> Brief
Going down the listing below, print exactly each line from the one with "Купить посудомоечная машина" up to and including the one with "El contención Isaac", and skip the rest.

Start of Provided records

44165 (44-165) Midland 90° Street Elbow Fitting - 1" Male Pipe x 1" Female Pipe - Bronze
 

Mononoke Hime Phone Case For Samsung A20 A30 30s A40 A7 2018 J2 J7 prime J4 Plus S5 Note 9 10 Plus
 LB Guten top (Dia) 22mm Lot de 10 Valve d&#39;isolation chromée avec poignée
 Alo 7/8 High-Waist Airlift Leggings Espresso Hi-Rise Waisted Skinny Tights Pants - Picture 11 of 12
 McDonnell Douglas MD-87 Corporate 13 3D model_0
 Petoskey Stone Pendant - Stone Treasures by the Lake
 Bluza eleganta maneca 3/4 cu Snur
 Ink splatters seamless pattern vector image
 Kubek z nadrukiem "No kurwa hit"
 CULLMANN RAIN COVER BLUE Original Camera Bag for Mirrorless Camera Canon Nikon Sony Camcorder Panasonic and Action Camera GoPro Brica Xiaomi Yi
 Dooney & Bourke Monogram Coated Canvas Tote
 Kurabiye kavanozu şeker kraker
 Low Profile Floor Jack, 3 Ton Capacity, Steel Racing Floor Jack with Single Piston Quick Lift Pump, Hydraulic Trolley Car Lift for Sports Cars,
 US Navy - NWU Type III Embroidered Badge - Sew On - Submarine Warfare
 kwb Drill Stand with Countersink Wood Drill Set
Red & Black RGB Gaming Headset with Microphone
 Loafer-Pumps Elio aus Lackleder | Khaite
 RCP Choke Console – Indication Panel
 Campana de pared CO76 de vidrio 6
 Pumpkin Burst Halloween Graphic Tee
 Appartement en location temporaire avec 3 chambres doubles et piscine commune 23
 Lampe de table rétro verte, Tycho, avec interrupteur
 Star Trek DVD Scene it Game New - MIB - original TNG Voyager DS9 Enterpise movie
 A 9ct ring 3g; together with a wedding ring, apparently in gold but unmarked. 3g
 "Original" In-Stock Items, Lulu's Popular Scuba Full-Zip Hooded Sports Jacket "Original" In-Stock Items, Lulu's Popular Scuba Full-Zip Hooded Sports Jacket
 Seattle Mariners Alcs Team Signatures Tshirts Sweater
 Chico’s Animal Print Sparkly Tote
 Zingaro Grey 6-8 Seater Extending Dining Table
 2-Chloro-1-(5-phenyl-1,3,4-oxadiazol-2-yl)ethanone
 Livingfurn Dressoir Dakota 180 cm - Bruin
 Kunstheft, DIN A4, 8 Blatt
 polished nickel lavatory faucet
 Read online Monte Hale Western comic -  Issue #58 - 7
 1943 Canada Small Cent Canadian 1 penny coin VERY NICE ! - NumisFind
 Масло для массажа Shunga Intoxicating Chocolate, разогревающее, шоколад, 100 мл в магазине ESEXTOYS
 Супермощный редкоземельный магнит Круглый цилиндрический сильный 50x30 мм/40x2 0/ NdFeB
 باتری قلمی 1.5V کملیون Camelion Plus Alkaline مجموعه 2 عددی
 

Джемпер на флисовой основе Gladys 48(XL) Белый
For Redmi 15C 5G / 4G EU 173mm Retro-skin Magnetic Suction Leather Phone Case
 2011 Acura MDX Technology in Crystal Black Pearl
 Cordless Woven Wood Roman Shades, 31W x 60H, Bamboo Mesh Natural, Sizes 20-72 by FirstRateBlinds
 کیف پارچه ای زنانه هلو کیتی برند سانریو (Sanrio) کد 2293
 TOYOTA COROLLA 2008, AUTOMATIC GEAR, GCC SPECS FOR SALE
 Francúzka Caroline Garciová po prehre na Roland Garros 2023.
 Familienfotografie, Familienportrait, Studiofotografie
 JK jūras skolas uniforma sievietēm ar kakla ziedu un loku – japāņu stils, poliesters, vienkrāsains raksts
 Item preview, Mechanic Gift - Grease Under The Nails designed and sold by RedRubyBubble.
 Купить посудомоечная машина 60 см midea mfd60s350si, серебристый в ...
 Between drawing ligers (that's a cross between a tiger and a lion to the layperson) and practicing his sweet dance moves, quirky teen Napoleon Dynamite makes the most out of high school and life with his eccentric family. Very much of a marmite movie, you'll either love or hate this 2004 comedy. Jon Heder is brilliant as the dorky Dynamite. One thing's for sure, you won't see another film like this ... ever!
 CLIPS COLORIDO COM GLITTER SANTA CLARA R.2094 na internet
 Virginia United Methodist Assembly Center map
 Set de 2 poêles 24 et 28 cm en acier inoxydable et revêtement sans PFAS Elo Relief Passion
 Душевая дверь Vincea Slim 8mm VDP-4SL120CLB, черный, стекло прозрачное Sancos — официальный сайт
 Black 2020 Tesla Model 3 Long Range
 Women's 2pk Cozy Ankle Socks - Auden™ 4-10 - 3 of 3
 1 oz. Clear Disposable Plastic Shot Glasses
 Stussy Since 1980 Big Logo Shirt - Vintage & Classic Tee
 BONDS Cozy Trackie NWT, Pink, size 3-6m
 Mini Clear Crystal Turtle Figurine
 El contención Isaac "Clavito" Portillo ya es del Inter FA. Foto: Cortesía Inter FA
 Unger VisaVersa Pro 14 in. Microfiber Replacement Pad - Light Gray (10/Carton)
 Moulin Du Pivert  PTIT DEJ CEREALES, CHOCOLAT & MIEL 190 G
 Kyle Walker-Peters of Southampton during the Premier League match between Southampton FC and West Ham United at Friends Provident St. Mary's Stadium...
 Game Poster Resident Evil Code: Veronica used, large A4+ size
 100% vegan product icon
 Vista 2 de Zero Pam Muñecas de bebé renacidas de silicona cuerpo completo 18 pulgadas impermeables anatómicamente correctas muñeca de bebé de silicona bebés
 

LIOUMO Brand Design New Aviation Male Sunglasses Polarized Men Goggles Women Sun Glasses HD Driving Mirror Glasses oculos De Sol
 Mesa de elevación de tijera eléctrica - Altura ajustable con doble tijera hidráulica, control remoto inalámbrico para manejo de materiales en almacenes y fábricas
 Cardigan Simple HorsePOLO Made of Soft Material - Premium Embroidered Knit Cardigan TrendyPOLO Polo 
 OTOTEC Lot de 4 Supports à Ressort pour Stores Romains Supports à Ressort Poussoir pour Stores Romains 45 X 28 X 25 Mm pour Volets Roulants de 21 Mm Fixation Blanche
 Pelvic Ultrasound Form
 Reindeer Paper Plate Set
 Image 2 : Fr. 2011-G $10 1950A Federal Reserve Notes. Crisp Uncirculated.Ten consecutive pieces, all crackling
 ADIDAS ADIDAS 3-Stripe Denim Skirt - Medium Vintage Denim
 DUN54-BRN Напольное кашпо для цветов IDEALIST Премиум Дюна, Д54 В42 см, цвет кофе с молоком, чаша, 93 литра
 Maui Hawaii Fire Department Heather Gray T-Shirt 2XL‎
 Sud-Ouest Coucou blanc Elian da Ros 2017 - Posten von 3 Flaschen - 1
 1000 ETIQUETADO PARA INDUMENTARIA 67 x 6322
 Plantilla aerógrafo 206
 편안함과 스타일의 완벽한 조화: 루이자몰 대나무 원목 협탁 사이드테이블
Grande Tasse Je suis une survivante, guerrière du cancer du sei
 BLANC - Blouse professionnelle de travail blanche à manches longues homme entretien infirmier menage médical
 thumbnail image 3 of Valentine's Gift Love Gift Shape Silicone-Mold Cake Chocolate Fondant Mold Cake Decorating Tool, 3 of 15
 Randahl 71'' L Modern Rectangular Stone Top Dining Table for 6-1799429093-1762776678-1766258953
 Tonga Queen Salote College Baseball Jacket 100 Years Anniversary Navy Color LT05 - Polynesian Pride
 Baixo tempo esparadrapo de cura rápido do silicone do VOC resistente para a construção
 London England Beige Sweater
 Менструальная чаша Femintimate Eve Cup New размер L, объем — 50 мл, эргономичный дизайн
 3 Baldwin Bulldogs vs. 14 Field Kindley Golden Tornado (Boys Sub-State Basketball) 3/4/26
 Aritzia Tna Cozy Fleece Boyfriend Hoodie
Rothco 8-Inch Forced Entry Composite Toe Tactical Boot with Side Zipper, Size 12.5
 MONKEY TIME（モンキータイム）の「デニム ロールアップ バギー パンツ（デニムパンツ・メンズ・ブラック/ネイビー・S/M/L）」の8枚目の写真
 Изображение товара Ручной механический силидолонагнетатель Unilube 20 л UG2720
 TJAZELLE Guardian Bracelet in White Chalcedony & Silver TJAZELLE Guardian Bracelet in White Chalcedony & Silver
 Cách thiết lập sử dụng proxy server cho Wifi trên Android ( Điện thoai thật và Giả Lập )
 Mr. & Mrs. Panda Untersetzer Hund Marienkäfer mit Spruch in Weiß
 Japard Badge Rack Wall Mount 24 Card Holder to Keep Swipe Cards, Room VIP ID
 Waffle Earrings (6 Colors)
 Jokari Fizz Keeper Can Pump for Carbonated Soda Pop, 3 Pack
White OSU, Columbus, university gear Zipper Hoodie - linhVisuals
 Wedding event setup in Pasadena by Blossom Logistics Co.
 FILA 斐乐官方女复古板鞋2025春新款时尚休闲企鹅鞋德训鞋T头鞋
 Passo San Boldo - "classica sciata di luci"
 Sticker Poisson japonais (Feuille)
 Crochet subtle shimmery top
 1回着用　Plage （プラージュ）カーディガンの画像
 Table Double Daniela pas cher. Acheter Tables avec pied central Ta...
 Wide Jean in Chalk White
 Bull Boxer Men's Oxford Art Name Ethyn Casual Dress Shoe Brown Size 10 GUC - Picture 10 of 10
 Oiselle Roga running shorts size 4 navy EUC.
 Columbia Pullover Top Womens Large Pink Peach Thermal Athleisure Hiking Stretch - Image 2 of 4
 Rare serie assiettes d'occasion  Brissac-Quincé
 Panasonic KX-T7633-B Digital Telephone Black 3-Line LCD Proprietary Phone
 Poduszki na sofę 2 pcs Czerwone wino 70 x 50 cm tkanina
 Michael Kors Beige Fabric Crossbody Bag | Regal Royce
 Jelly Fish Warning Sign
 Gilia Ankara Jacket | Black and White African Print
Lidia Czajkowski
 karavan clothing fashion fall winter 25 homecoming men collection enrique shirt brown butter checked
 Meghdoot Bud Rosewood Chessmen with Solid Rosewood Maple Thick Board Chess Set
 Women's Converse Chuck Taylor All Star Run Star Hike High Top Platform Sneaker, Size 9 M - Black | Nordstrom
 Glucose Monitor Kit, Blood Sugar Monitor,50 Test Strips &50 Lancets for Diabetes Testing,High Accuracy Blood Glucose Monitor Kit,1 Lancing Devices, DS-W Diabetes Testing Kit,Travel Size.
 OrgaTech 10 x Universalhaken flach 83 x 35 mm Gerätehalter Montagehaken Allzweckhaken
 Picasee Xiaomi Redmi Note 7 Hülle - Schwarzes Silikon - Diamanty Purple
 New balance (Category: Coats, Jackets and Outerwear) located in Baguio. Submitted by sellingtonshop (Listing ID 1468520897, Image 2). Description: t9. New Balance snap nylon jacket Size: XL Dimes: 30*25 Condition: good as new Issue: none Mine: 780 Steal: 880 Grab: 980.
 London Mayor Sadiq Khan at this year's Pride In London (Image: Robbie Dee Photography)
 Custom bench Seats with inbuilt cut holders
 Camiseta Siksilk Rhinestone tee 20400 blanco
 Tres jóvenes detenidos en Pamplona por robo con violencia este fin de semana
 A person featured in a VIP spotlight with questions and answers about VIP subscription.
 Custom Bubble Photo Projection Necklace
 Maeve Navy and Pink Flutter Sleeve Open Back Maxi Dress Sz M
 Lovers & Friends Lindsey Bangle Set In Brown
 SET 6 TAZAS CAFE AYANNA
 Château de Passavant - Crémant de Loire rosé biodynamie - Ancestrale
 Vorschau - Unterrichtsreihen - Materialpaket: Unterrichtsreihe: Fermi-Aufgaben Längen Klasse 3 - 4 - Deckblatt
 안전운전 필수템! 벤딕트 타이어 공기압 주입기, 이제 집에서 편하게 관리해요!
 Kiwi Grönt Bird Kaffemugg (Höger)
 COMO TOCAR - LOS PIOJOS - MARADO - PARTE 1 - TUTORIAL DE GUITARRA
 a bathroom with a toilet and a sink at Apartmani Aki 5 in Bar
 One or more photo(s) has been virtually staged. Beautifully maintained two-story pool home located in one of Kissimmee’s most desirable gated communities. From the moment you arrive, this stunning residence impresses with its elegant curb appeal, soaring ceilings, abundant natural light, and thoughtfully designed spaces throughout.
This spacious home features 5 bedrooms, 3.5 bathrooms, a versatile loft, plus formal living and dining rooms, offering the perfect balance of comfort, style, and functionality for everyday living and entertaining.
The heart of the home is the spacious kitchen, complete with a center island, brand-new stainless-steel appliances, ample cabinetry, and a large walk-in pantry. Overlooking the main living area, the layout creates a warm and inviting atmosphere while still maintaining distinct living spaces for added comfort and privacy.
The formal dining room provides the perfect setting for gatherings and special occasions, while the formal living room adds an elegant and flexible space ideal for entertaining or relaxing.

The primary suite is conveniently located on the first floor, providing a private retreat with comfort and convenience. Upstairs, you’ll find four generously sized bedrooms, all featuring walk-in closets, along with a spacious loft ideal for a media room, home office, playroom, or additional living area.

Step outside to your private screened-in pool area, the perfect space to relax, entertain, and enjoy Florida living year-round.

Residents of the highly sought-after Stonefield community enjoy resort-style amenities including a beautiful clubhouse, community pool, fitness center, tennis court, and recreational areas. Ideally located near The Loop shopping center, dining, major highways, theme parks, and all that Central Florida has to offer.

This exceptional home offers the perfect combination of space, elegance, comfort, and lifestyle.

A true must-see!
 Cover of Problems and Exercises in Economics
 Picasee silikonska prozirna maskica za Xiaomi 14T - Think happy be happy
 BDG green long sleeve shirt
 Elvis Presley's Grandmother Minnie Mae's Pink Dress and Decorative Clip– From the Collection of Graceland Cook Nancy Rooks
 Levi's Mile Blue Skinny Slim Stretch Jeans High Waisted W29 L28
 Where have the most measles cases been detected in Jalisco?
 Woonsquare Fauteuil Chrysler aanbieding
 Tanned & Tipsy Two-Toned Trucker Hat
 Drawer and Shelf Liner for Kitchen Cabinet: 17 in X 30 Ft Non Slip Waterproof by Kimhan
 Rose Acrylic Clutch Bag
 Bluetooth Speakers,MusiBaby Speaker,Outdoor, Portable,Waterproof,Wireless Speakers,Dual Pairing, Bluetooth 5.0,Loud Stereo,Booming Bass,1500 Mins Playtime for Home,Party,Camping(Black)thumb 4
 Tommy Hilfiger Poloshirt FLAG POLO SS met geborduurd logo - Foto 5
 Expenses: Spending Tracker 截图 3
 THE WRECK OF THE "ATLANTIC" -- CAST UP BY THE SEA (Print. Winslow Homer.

End of Provided records

> Solution to this task
 Купить посудомоечная машина 60 см midea mfd60s350si, серебристый в ...
 Between drawing ligers (that's a cross between a tiger and a lion to the layperson) and practicing his sweet dance moves, quirky teen Napoleon Dynamite makes the most out of high school and life with his eccentric family. Very much of a marmite movie, you'll either love or hate this 2004 comedy. Jon Heder is brilliant as the dorky Dynamite. One thing's for sure, you won't see another film like this ... ever!
 CLIPS COLORIDO COM GLITTER SANTA CLARA R.2094 na internet
 Virginia United Methodist Assembly Center map
 Set de 2 poêles 24 et 28 cm en acier inoxydable et revêtement sans PFAS Elo Relief Passion
 Душевая дверь Vincea Slim 8mm VDP-4SL120CLB, черный, стекло прозрачное Sancos — официальный сайт
 Black 2020 Tesla Model 3 Long Range
 Women's 2pk Cozy Ankle Socks - Auden™ 4-10 - 3 of 3
 1 oz. Clear Disposable Plastic Shot Glasses
 Stussy Since 1980 Big Logo Shirt - Vintage & Classic Tee
 BONDS Cozy Trackie NWT, Pink, size 3-6m
 Mini Clear Crystal Turtle Figurine
 El contención Isaac "Clavito" Portillo ya es del Inter FA. Foto: Cortesía Inter FA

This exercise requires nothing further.